The Annual Labour Force Survey, in particular, is meant to do this, which is why we pay special attention to its lessons in the Western Cape.

The bottom line is clear for this province: The drought has decimated 65,000 rural jobs (mostly linked to agriculture). Yet, despite this, employment in the province grew by 77,000 jobs year-on-year, mainly in Cape Town, which registered an astounding 5% increase in employment despite the adverse economic conditions.

Although we hope the end of the drought will enable us to claw back as many rural jobs as possible, the medium-term future of growth and jobs lies in our towns and cities. This is the same worldwide, because urban areas link people to national economies, and national economies provide a bridge to the global economy.

All the trends in the Western Cape point to escalating urbanisation, both from the province’s drought-decimated rural hinterland, as well as further afield, particularly the Eastern Cape.

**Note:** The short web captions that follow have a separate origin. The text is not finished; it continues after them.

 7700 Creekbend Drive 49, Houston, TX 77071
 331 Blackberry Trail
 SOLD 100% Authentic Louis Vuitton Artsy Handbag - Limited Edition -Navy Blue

And this puts the “land reform” spotlight firmly on access to urban land and housing, particularly in Cape Town. What’s more, it will be impossible to meet the growing challenge without rapid economic growth that generates the jobs people need to contribute something to the cost of their own dwellings. Free housing for everyone on the waiting list is unaffordable, and with growing urbanisation, entirely unsustainable.

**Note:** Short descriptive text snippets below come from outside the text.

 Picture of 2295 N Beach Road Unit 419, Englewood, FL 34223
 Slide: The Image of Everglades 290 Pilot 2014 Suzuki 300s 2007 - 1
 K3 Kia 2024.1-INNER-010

What’s more, in the Western Cape – especially Cape Town – most of the 356,000 families on the housing database (waiting list) do not qualify for a free house because their household income exceeds the threshold of R3,500 per month.

It therefore makes no sense that our housing policy continues to focus on the goal of providing families with a free house (often on a separate erf). The consequence of this policy is deep dissatisfaction, even conflict, which often takes on a racial dimension. This is because recent migrants and young people are more likely to meet the criteria for free houses than others, who have been on the waiting list for decades.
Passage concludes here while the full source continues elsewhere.